• _DATASET ENTRIES_
====================

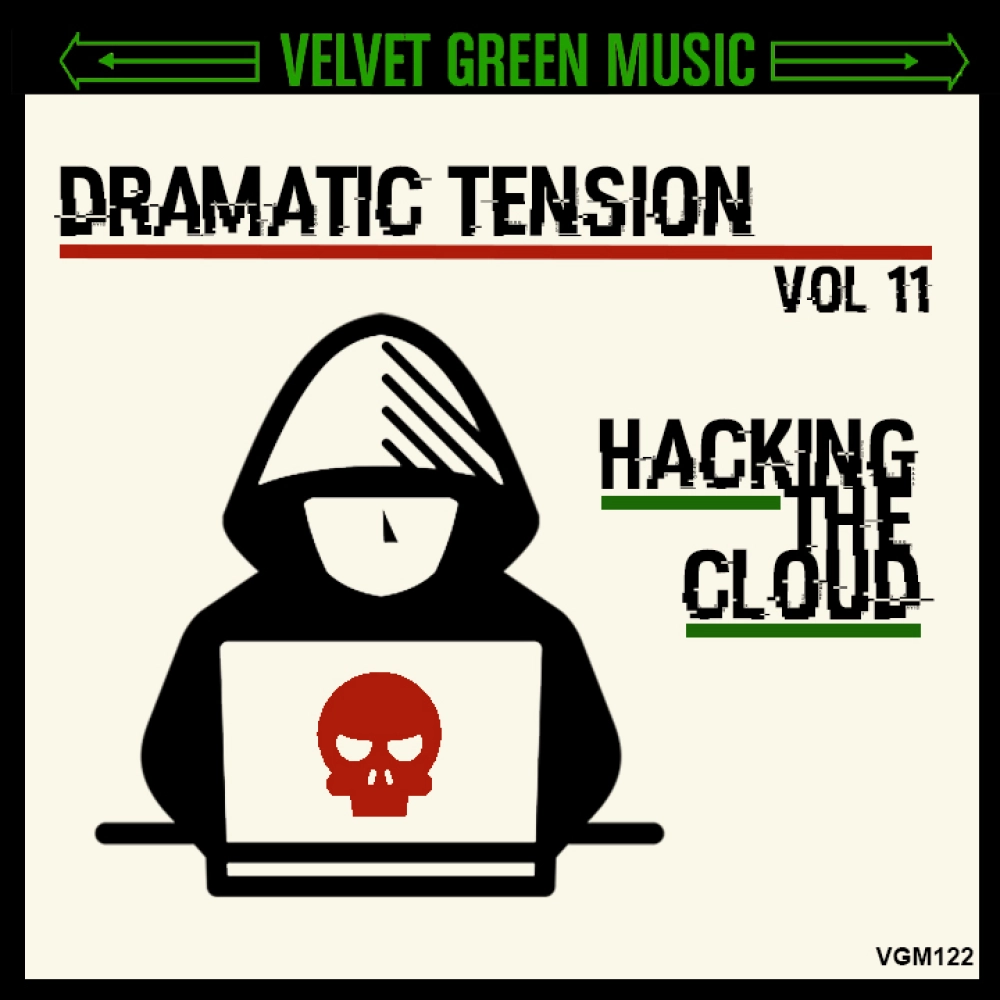 Dramatic Tension Vol 11 - Hacking The Cloud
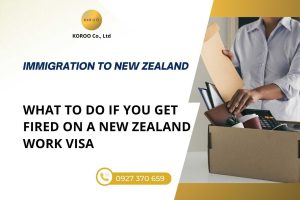 What to Do When You Get Fired While on a New Zealand Work Visa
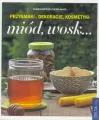 Miód, wosk… Przysmaki, dekoracje, kosmetyki - tantis.pl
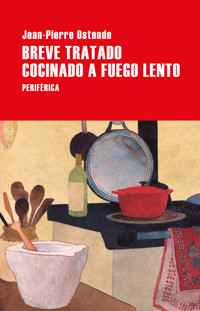Breve tratado cocinado a fuego lento - Jean-Pierre Ostende - ebook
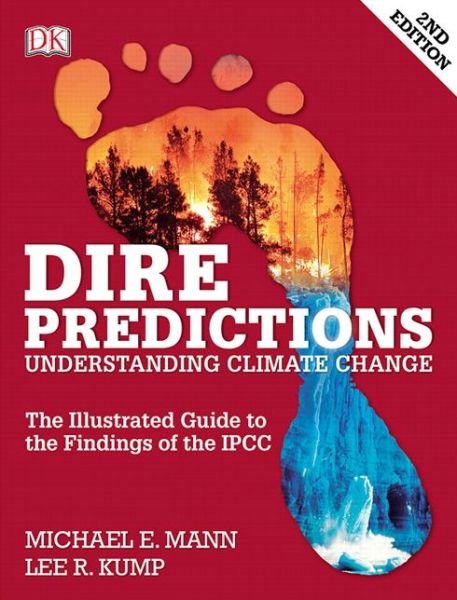 Cover for Michael E. Mann · Dire Predictions: Understanding Climate Change (Pocketbok) (2015)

====================

• _TASK GOAL_
The records above must be copied exactly, with no pictures carried over.

• _YOUR RESPONSE_
 Dramatic Tension Vol 11 - Hacking The Cloud
 What to Do When You Get Fired While on a New Zealand Work Visa
 Miód, wosk… Przysmaki, dekoracje, kosmetyki - tantis.pl
Breve tratado cocinado a fuego lento - Jean-Pierre Ostende - ebook
 Cover for Michael E. Mann · Dire Predictions: Understanding Climate Change (Pocketbok) (2015)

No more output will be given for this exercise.